Александра вспыхнула. Глаза ее заблестели.

– Боюсь, боюсь. Вся душа моя – страх и тревога. Но если его убьют… Нет, я не буду плакать.

И вдруг заплакала.

– Нет, нет, папа, не смотри, – это минутная слабость.

Заплакала и Людмила. Говорила:

– У нас у всех есть за кого бояться. И у Раисы есть за кого молиться, для кого ждать чуда. И хуже всех мне, – душа моя разрывается и томится смертельно.

Как это часто бывает, слезы успокоили Александру. Вытирая глаза платком и уже улыбаясь тому высокому чувству, которое трепетало в ее сердце, она говорила:

– Я знаю, наши победят. Да и как им не победить! Ведь мы все так верим, так надеемся! Россия отдала всю свою душу своей армии, – как же ей не победить! Но я знаю, – для победы нужны жертвы. Надо же кому-нибудь умирать и кому-нибудь носить траур.

– Не надо говорить о трауре! – вскрикнула Людмила. – Боже мой, Боже мой, брат на брата!

Томимая жутким беспокойством, Екатерина Сергеевна так же бесцельно вышла, как и вошла. Людмила поспешно ушла вслед за нею.

XIII

На улице проходили солдаты. Слышны были звуки музыки, голоса мальчишек, широкий, веселый говор взрослых. Где-то хлопали двери. Чувствовалось, что все в доме приникли к окнам или вышли на улицу, – смотреть на солдат. Александра стояла у окна, прямая, неподвижная, как олицетворение строгой сосредоточенной печали и гордости, – истинная жена доблестного воина.

Старградский с тихою улыбкою смотрел на нее. Слова великого поэта напевно бились в его душе, и он говорил вполголоса:

Есть упоение в бою,

И мрачной бездны на краю…

Все, все, что гибелью грозит,

Для сердца смертного таит

Неизъяснимы наслажденья,

Бессмертья, может быть, залог!

И счастлив тот, кто средь волненья

Их обретать и ведать мог.

Александра вслушалась в эти торжественные, мудрые и страшные слова. Словно острие меча вонзилось в ее грудь, – такая мука смертная! Но вспомнила все заветы милого и сурового детства, – сердце, сердце мое, мужайся!

С неизъяснимым выражением высокой печали и высокого счастия она сказала, словам высокого поэта отвечая его же словами:

– Да, он, может быть, счастлив. А оставшиеся, – им «кудри наклонять и плакать».

– Не только плакать, но и гордиться, – сказал отец.

– Да, отец, я знаю. И рассказывать детям о доблести отцов. Слагать легенды.
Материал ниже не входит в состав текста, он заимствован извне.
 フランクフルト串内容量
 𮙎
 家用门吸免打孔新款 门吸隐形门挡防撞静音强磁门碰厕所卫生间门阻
Но она знала, что доблестная жизнь сама будет творить легенды.

XIV

Музыка на короткое время смолкла. Далекий благовест звучал мирно и торжественно под этим ясным, вечным небом. Неотвратимый, как поступь грядущего, был слышен мерный солдатский шаг. На улице Раиса разговаривала с солдатами. Она в своем саду нарвала громадную охапку цветов и раздавала их солдатам. Заодно захватила и несколько коробок отцовских папирос, нагрузив ими смешливую горничную Дашу.

Солдатики на ходу украшали цветами свои зеленовато-серые рубахи, а иные втыкали стебли цветов в дула ружей. Раиса, раздав все цветы, принялась раздавать папиросы. Брали радостно, только иные говорили:

– Махорки бы нам, барышня. У нее вкус крепче.
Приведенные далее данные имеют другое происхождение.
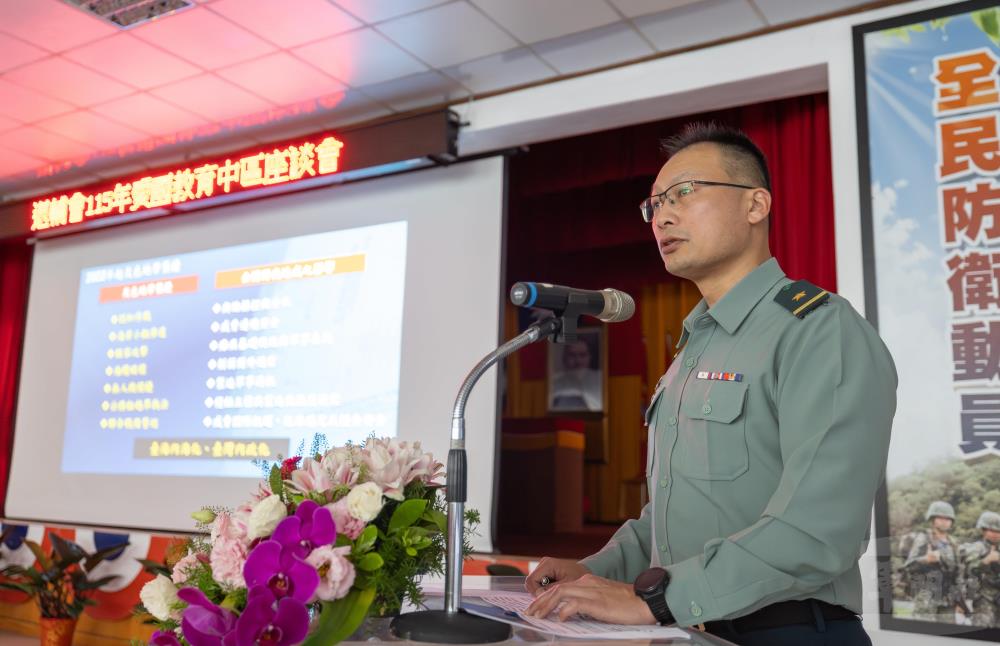 戰規司翁處長針對「強化國防防衛韌性」專題進行報告。（軍聞社記者吳柏融攝）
– Махорка – всем табакам табак.

Раиса смущенно отвечала:

– А махорки-то у меня и нет. Только папиросы.

– Спасибо и за папироски. Выкурим за ваше здоровье, – говорили солдаты.
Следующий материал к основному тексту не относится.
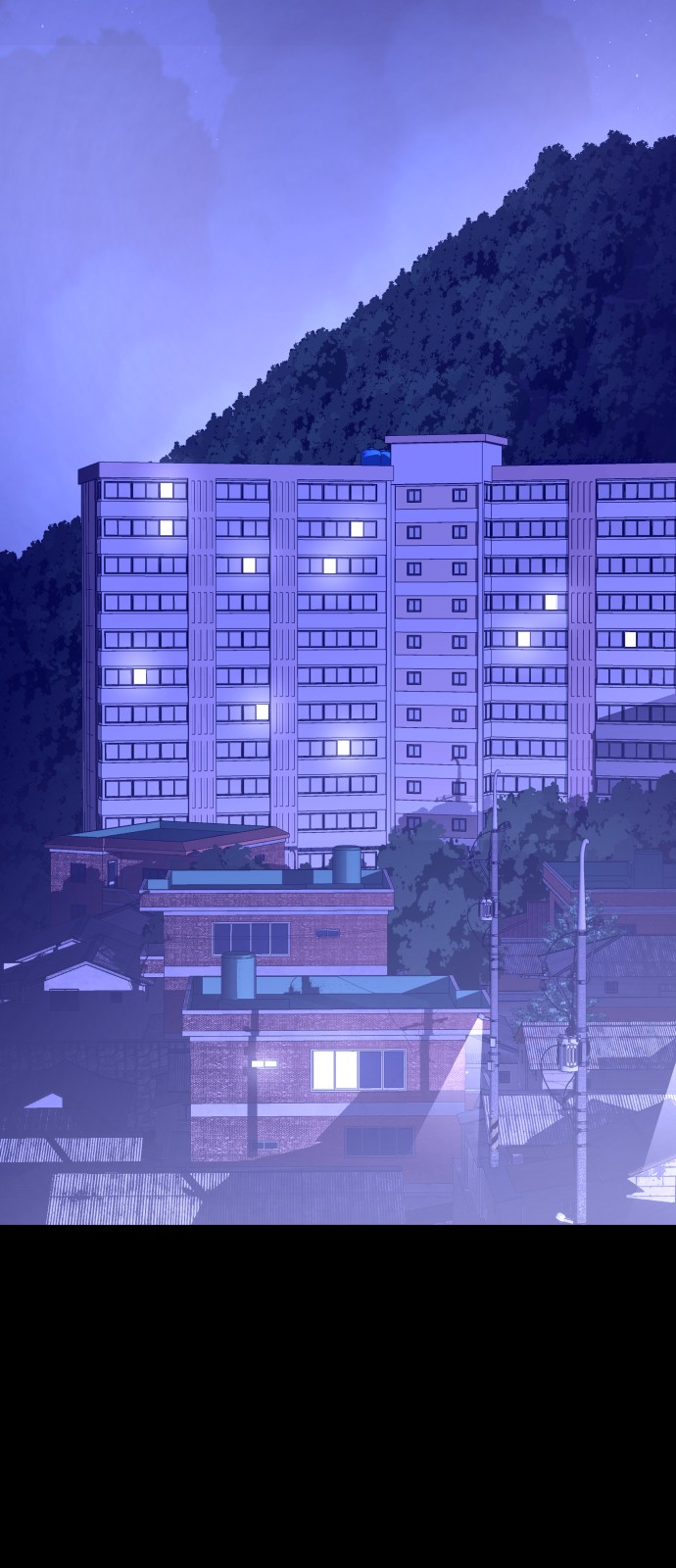 89 페이지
Проходили, переговариваясь:

– Генеральская дочка, нашего корпусного.

– Ладная барышня.

– Шустрая!

– Спасибо, милая.

Голоса их тонули в удаляющихся звуках музыки и пения. Александра отошла от окна и молча смотрела на отца.

XV

– Саша, – говорил Старградский, – пока мы одни, я хочу тебе сказать то, чего я еще никому не говорил. Именно тебе хочу сказать: ты не только самая старшая из сестер, но и самая разумная.

Александра опустилась на колени у его ног и прижалась головою к его коленям. Он говорил:

– Саша, твоя мать меня не любит. Не любит потому, что любит другого.

Он говорил это спокойно и просто, но Александра поняла, что ему очень трудно было это сказать.

– Я слишком поздно узнал это. Еще когда она была моею невестою, она уже любила другого. Их любовь была взаимная, – с тяжелым спокойствием говорил отец.

– А вышла за тебя?

– Да, вышла за меня. В вас, женщинах, много непонятного, странного. Впрочем, еще раньше нашего замужества он женился на другой. Может быть, потому…

Александра подняла раскрасневшееся лицо.

– Папа, ты говоришь про Буравова?

– Да, Александра, про Буравова, – отвечал отец.

По тону его слов и по выражению его лица было ясно, что ему трудно назвать это имя. В голосе слышалась едва уловимая нотка презрительности. Александра сказала:

– Папа, я сама догадывалась. Но как же это могло случиться? Если он ее любил, зачем же он женился на другой?

Отец отвечал, глядя спокойно и печально перед собою:

– Для меня это и до сих пор не совсем понятно. Какая-то странная история.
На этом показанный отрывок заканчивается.